Did I say there was something inherently wrong with with futures or forex or options? A subscriber must themselves manage the risk of the trade leader not managing risk well. It is difficult for a sub to manage the risk of a leader making poor decisions when they give the leader such large leverage usage. Even if a leader manages risk well in the past with stops or exiting trades it does not mean they won’t suddenly stop.

Can you find me some good stock only strategies to add to my log of failed strategies? I find them much more rare. They of course fail, but as long as a leader doesn’t go all in on one stock a blow up of the strategy seems quite rare.

PS somehow I knew my comment would attract a defense of leverage by you.

My comment was of a general nature, not a critic about your post.

The important question to ask is this one: Do winning C2 stock strategies make more money than winning futures/forex/options strategies, on a risk adjusted-basis?

And if so, to what extent?

This study alone should keep you busy for years! :wink:

In my opinion, a good trading strategy will ALWAYS make more money if the trader uses leveraged financial instruments, assuming he can control the risk.

Cheers.

I actually agree with you on the leverage part but similar to your ideal leverage usage thread you can have to much.

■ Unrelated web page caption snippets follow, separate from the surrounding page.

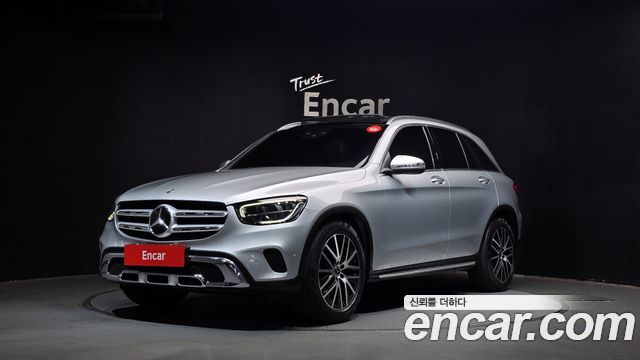 Mercedes-Benz GLC-Class (X253) GLC300 4MATIC 2020 — фото 1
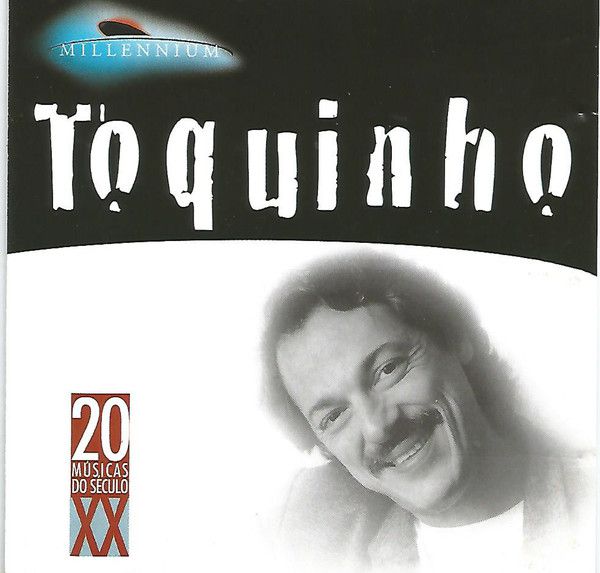 Cd Toquinho - Millennium - 20 Músicas do Século Xx Interprete Toquinho (1999) [usado]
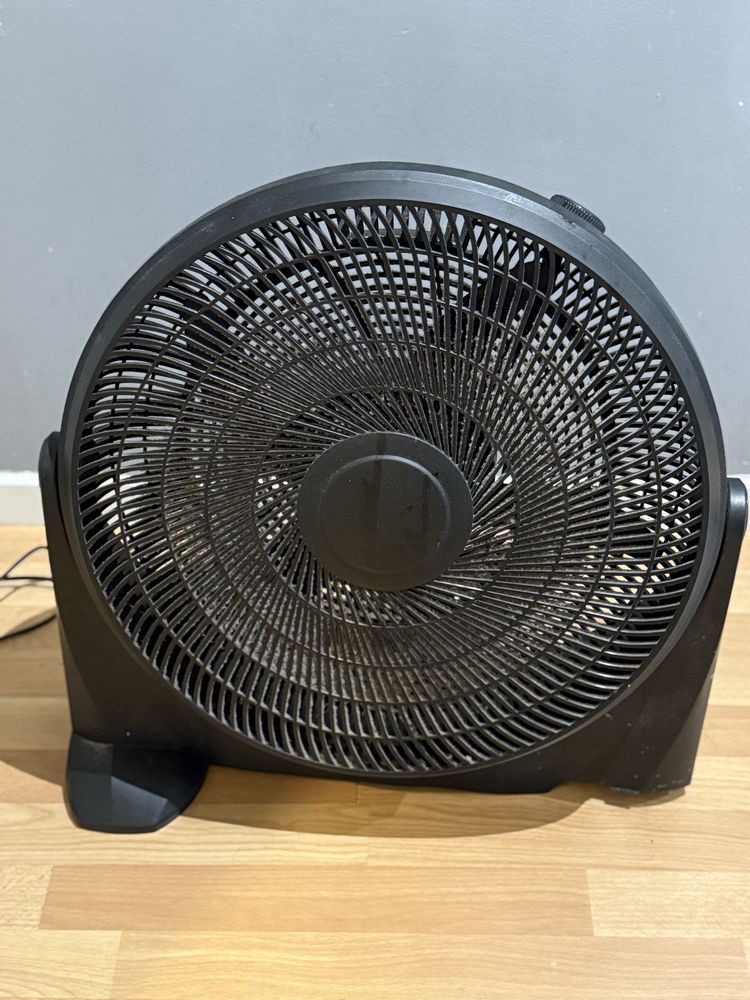 Ventilador Industrial em plástico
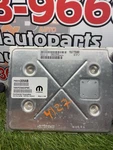 2017 Dodge Charger Engine Brain Box Pn: P68243309AB 3.6L Oem. Fixed Price $66.74.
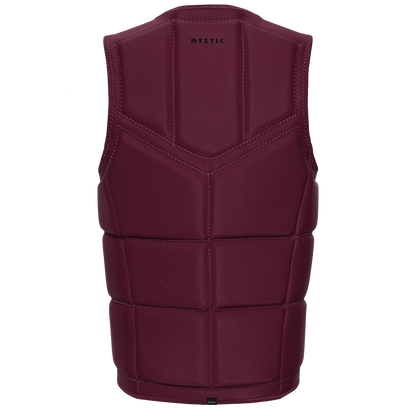 Mystic Star Impact Vest Fzip Wake | 24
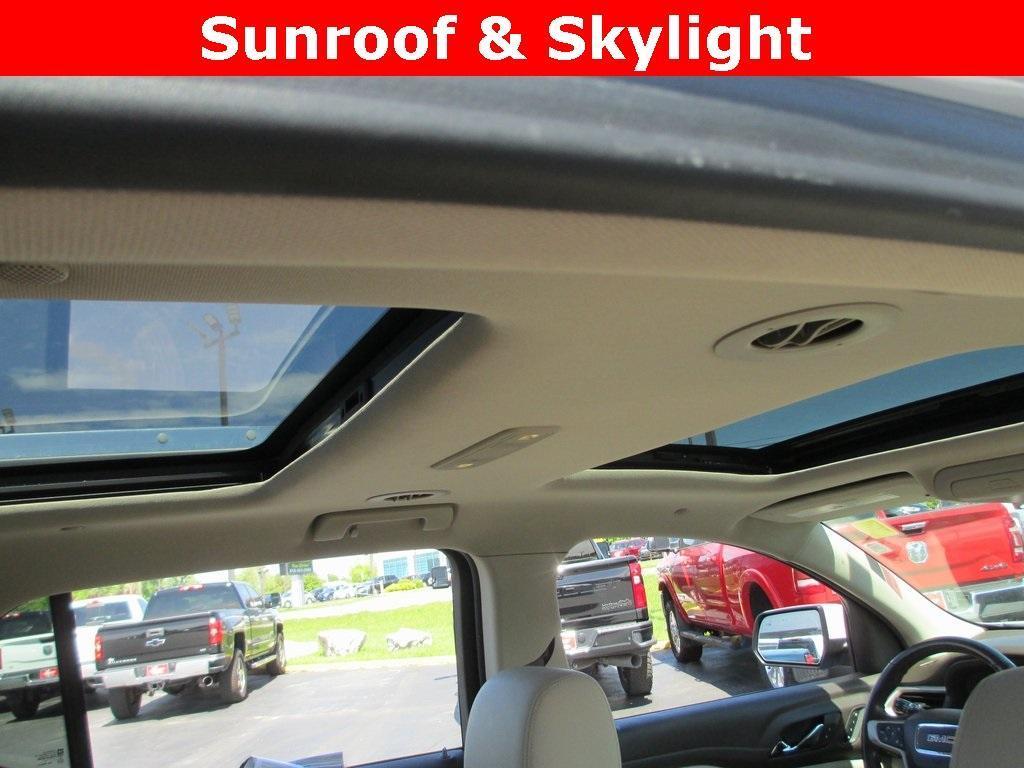 used 2019 GMC Acadia car, priced at $22,995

With Futures, Forex, and selling options subs have no way to guarantee the leader doesn’t end up using too much leverage.

Sure, but you can also have the same exact problem with stocks : the trade leader can also let the losses run wild and next thing you know you wake up with a 65% drawdown on some high-flying stock.

Usually if there is a stock only strategy that’s been around for over 2 years and has kept max drawdown below 35% the risk is quite low of blowing up.

With forex and option selling strategies even after a few years of doing ok they can still blow up at anytime. ( for example Just Forex)

The forex and futures traders who keep their leverage low and don’t add to losing positions will not have this blowing up risk. However it seems many of them often use massive leverage.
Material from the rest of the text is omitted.